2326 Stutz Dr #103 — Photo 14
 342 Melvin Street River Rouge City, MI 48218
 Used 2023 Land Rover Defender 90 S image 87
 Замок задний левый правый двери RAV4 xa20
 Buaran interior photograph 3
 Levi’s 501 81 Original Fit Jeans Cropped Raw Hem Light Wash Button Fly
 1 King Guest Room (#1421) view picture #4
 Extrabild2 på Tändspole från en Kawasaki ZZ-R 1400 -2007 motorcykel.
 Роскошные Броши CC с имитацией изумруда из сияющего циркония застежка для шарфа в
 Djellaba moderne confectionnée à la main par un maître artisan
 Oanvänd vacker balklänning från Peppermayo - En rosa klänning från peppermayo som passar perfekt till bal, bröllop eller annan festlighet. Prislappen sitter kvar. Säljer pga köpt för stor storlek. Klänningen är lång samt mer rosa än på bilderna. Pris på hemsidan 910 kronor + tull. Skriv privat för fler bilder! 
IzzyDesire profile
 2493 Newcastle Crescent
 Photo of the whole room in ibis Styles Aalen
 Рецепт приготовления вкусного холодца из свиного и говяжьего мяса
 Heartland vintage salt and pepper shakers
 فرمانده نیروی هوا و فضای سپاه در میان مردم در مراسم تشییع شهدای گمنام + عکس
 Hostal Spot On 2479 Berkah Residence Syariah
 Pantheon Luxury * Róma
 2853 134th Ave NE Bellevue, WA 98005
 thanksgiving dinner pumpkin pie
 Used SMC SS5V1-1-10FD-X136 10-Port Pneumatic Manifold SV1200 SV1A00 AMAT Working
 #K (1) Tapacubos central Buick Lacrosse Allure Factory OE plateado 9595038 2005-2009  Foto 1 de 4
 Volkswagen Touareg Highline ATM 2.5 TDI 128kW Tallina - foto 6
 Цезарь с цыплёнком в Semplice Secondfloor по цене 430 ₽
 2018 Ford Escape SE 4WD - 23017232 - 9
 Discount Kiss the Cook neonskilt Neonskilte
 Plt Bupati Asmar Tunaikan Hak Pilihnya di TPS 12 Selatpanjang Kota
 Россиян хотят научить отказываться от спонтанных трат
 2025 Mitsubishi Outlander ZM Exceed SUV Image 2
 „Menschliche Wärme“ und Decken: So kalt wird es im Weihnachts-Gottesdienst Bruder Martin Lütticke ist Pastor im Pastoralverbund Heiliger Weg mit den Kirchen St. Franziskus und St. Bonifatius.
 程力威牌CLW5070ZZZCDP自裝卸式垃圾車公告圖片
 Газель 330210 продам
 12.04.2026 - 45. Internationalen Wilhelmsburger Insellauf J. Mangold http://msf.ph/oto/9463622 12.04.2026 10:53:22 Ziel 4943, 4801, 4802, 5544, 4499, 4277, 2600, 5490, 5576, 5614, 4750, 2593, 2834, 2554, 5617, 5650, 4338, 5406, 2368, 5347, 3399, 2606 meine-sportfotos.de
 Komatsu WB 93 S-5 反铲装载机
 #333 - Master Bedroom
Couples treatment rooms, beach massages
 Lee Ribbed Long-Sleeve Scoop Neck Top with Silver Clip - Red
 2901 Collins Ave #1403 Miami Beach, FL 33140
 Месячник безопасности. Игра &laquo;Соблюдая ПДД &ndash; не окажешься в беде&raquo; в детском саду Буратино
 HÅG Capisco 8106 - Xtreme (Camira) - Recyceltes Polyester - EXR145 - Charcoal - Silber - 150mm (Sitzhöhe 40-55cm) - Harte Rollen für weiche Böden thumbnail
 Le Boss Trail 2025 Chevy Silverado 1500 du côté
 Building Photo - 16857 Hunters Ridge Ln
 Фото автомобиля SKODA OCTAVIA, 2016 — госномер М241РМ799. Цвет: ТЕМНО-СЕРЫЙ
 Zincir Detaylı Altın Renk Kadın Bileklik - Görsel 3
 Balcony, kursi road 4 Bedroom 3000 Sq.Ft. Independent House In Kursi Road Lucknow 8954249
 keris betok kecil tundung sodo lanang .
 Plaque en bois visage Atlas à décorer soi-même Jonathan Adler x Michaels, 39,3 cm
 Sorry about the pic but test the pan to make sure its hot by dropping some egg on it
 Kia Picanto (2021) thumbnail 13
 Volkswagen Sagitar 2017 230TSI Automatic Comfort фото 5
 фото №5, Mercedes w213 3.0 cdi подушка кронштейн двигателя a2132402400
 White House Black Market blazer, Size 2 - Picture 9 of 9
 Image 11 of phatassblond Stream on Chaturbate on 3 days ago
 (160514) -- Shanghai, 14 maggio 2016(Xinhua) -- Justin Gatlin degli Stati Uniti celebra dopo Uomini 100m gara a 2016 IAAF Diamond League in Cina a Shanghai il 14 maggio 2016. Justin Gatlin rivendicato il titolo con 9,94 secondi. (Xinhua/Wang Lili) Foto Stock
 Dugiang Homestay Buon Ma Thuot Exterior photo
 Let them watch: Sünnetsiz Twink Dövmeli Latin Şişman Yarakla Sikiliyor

-- -- --

§ Exercise directions
Show the lines above that have the word "Used".

§ Task result
 Used 2023 Land Rover Defender 90 S image 87
 Used SMC SS5V1-1-10FD-X136 10-Port Pneumatic Manifold SV1200 SV1A00 AMAT Working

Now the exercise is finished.